Just went to the range today and shot 75 rounds down rande in 20 min. I was taking my time and aiming no bs though just shooting.


----------



## dourdave (May 6, 2007)

I visit an indoor range once a week. I bring 2 weapons. I bring 150 rounds for each weapon and really want to use 100 per each. Works well for me. (Next week---2 different ones)

I do get a bit shakey during the last few rounds (I am a senior-senior shooter) but the challenge is a good one for me. I have about an hour to do all this, so I am limitted as to what challenges I can encounter.

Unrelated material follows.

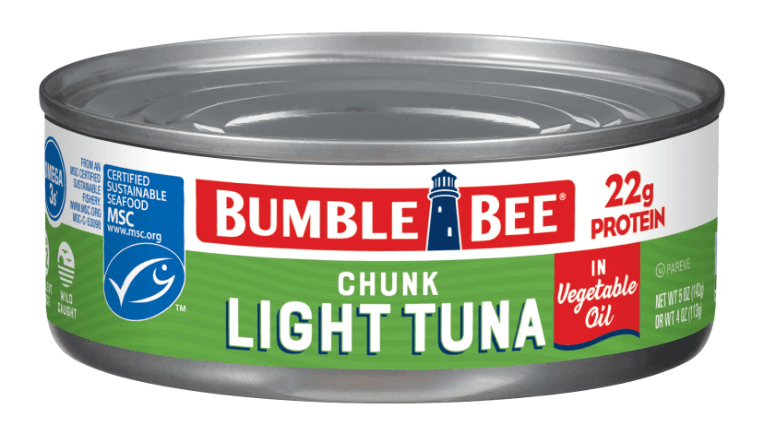 Bumble Bee Chunk Light Tuna in Oil: 46% Off on Amazon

With each visit I learn something and think that I am getting better (whatever that means). 

Range time is very important to me and I look forward to each visit and the related challenges.


----------



## Mike Barham (Mar 30, 2006)

I usually shoot out in the open desert with some friends, rather than at an established range. We don't really shoot for fun so much as "train," since we are all interested in handguns mainly as defensive tools.

I usually shoot about 200 rounds in a session, between our standard exercises and a half-dozen defensive scenarios. We're usually out there for two hours or so. By then, the Arizona sun has completely baked us and we must retreat to an air conditioned pub.


----------



## TOF (Sep 7, 2006)

200 to 300 rounds per session. 3 to 6 hours per session. 1 session minimum per week.

I shoot with several friends in the National Forest. We set up several paper targets (IPSC Style) and 6 or 8 steel lollypops plus 1ea 14"x16" steel at 15 to 20 yds. behind the array. 

We take turns and will generaly double tap the paper and fixed steel drop the lollipops then reverse our pattern (left to right and vice versa) with occasional week hand strong hand passes or movement while shooting. Distance from closest target varies from 5 to 20 yards.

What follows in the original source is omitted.